Problem requirements:
Nothing but the text of the records should come back; copy it exactly and leave the pictures out.

Image-caption web data
————
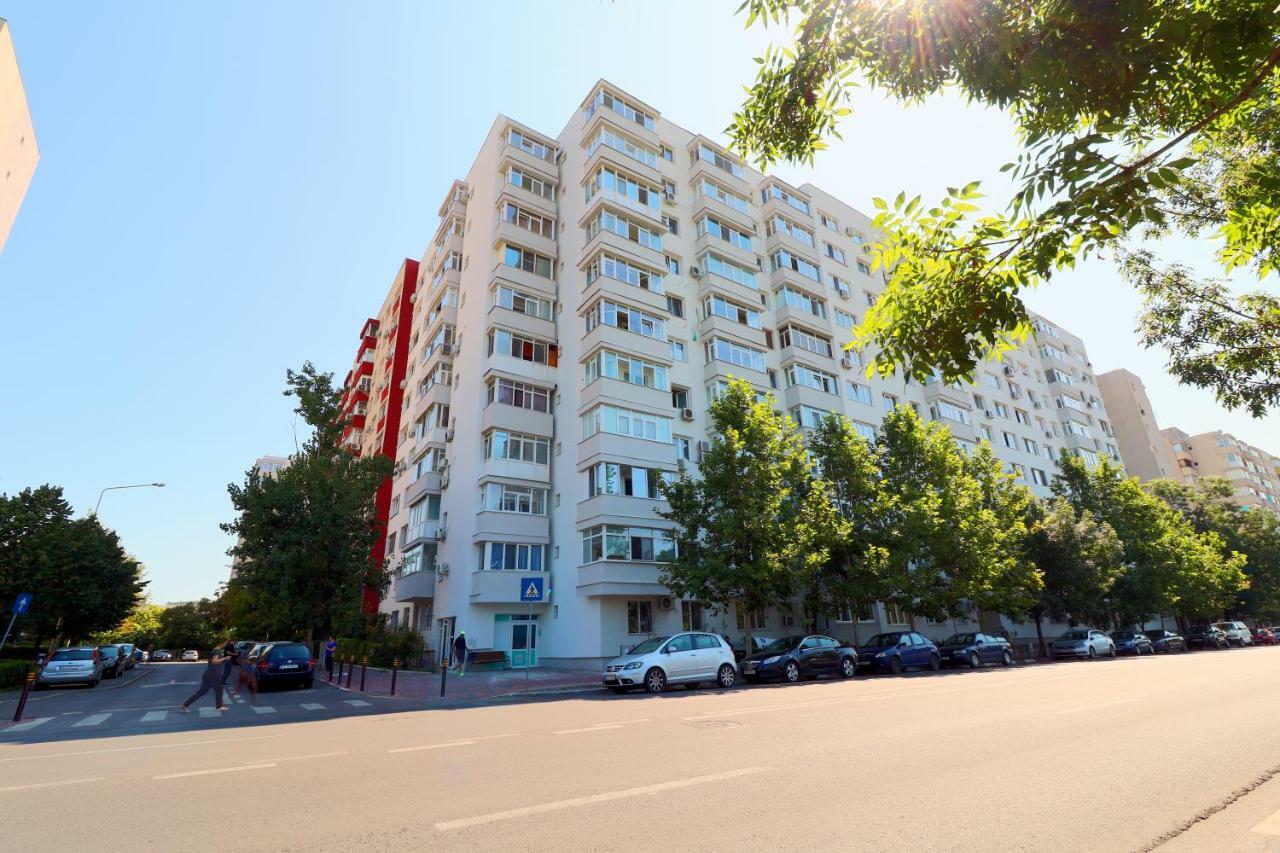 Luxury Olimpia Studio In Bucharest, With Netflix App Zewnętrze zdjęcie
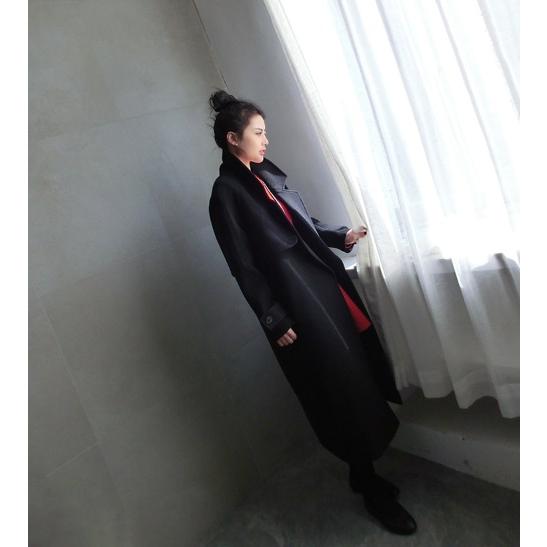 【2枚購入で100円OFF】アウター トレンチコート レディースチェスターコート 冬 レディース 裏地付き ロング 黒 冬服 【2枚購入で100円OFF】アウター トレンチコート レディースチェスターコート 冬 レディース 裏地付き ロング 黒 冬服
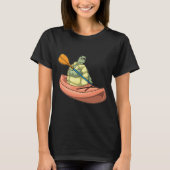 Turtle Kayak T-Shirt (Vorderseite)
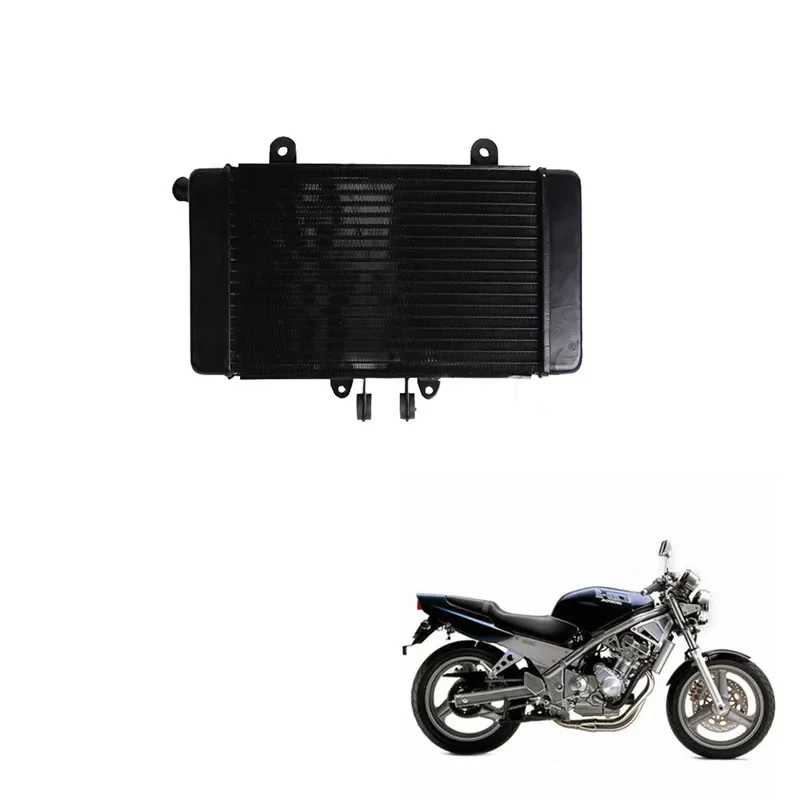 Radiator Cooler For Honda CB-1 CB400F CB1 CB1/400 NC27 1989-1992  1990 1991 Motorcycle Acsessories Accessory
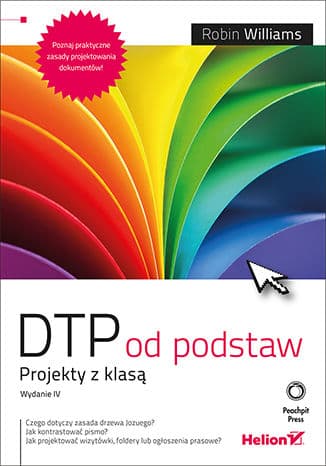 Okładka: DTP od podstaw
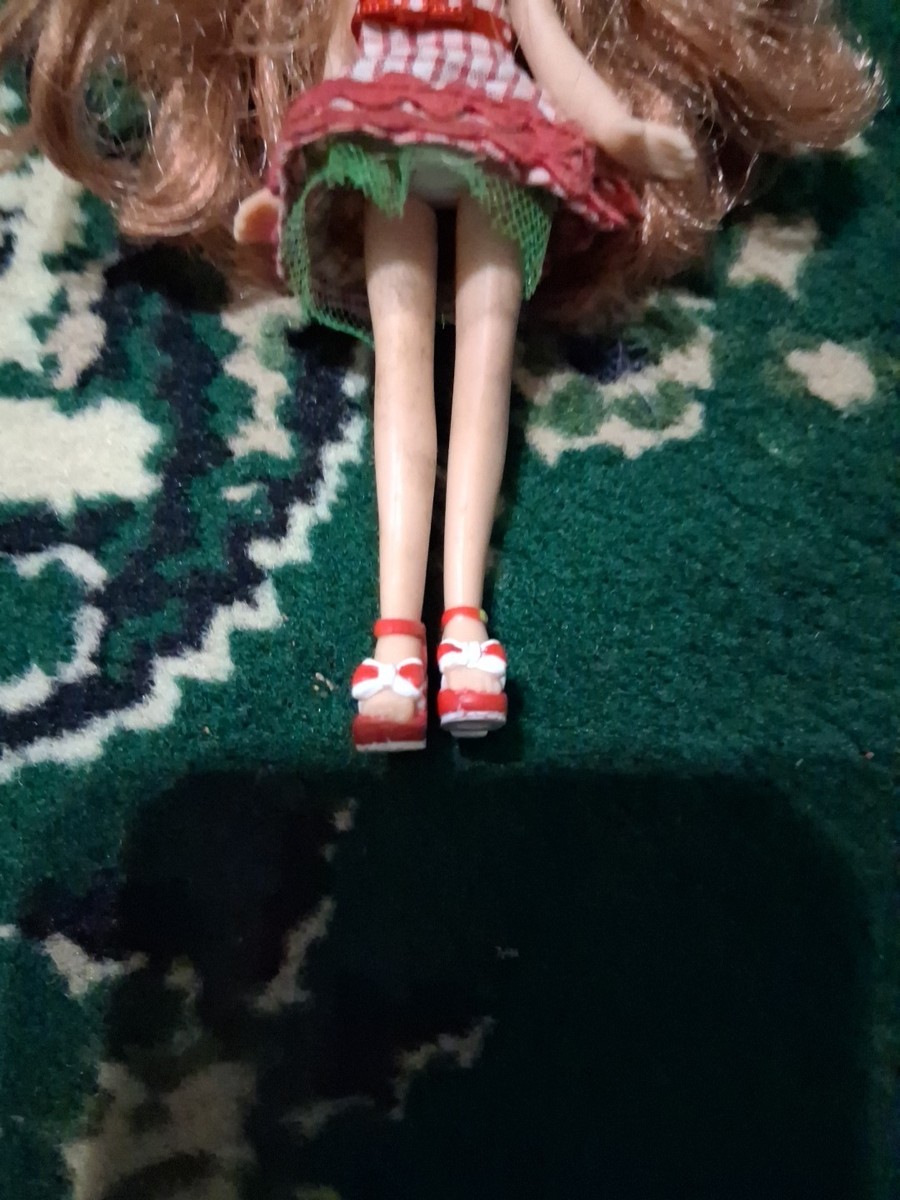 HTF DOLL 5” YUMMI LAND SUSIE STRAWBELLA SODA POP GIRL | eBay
————
Exercise result:
 Luxury Olimpia Studio In Bucharest, With Netflix App Zewnętrze zdjęcie
 【2枚購入で100円OFF】アウター トレンチコート レディースチェスターコート 冬 レディース 裏地付き ロング 黒 冬服 【2枚購入で100円OFF】アウター トレンチコート レディースチェスターコート 冬 レディース 裏地付き ロング 黒 冬服
 Turtle Kayak T-Shirt (Vorderseite)
 Radiator Cooler For Honda CB-1 CB400F CB1 CB1/400 NC27 1989-1992  1990 1991 Motorcycle Acsessories Accessory
 Okładka: DTP od podstaw
 HTF DOLL 5” YUMMI LAND SUSIE STRAWBELLA SODA POP GIRL | eBay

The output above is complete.